NOW, THEREFORE, the City of Oshkosh, hereinafter referred to as the "City", and Six
Rivers Investments, LLC hereinafter referred to as "Six Rivers", agree as follows:
1. The City shall submit an application for a WEDC Site Assessment Grant (SAG)
to assist with the site evaluation and redevelopment of the Property. The application shall be
for the purposes identified in and substantially in the same form as the attached Exhibit B to
this Agreement.
2. The City shall be responsible to complete all necessary WEDC SAG grant
requirements in relation to this Agreement and the WEDC SAG grant, if awarded.
3. Six Rivers shall provide the City with all testing results, data, or other information
in its possession or reasonably obtainable by it to assist the City with the submittal of the Grant
application and compliance with all requirements of the Grant, if awarded.
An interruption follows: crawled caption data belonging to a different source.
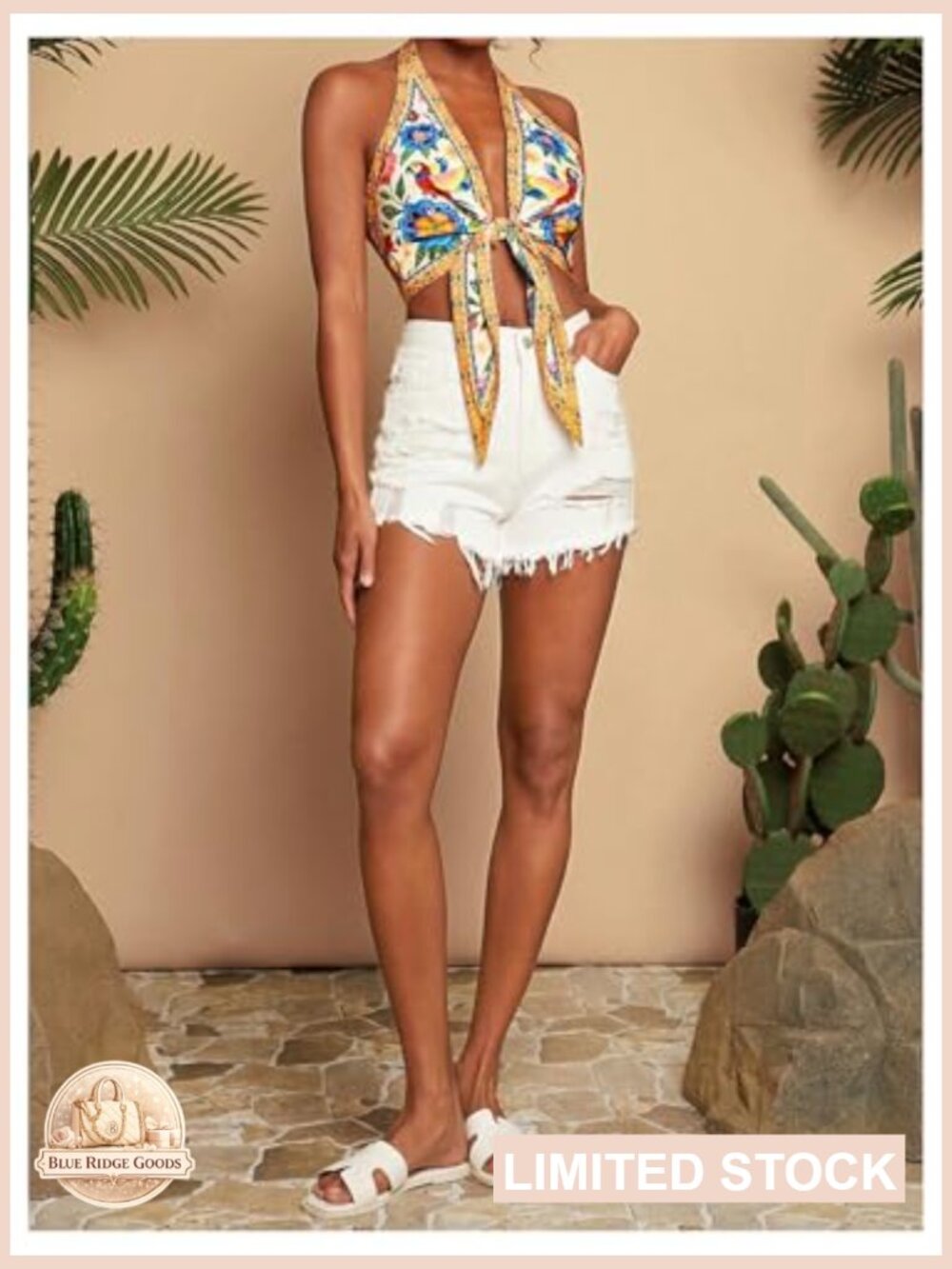 Sleeveless Halter Crop Top with Tie Front Backless Beach Vacation Top - Picture 5 of 5
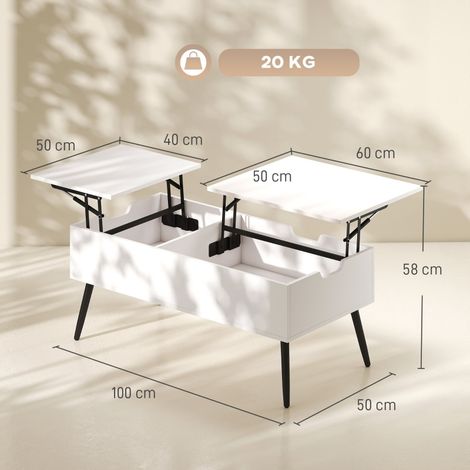 Table basse ajustable, meuble de salon avec espace de stockage caché, 50x100 cm, finition blanc mat (1/5)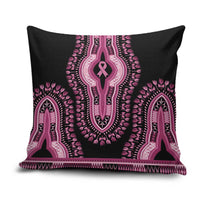 Breast Cancer Awareness Pink Ribbon Pillow Cover Dashiki Style - Wonder Print Shop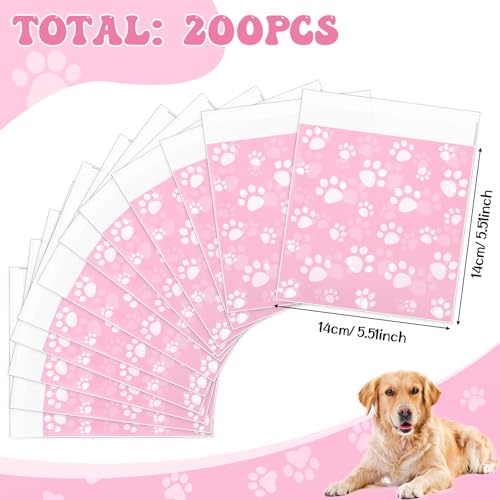 Pasimy 200 Pcs Dog Paw Treat Bags, Clear Self Adhesive Pink - color: Pink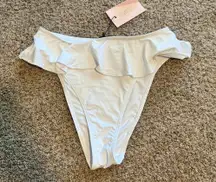 High Waisted Ruffle White Bikini Bottom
4. Six Rivers hereby permits City, its employees, duly authorized representatives,
agents and subcontractors, the temporary right to enter upon and have temporary rights of
ingress and egress over and access at reasonable times to the Property to complete the City's
responsibilities in relation to this Agreement and the WEDC SAG grant, if awarded.
WHD/9480389.4 1
5. Six Rivers shall be responsible for obtaining all required permits and approvals
for all work to be performed on the Property in relation to this Agreement and the WEDC SAG
grant, if awarded, including but not limited to permits and approvals from the Wisconsin
Department of Natural Resources.
6. Six Rivers shall be responsible for the Match Investment identified in the WEDC
SAG application and directly pay for all project costs including but not limited to any permit or
approval costs and fees, and any contractors' fees and consultants' fees, relating to the
performance of responsibilities under the WEDC SAG grant, if awarded.
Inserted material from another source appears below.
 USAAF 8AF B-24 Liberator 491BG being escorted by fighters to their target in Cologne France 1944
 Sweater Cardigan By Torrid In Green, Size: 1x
7. Six Rivers shall submit to the City payment requests with all necessary
supporting documentation to allow the City to request reimbursement under the terms of the
WEDC SAG grant. One payment request shall be submitted when approximately one-half of
the project is completed and an additional payment request shall be submitted upon
completion of the project. Additional payment requests may be submitted as Six Rivers may
determine necessary. Within 15 days of the date reimbursement is received from WEDC, the
City shall issue a check to Six Rivers for the allowed reimbursement amount less the fee
specified in paragraph 8 below.
8. Six Rivers shall pay to the City a fee of $500 per payment request to reimburse
the City for the City's costs of administering the WEDC SAG grant.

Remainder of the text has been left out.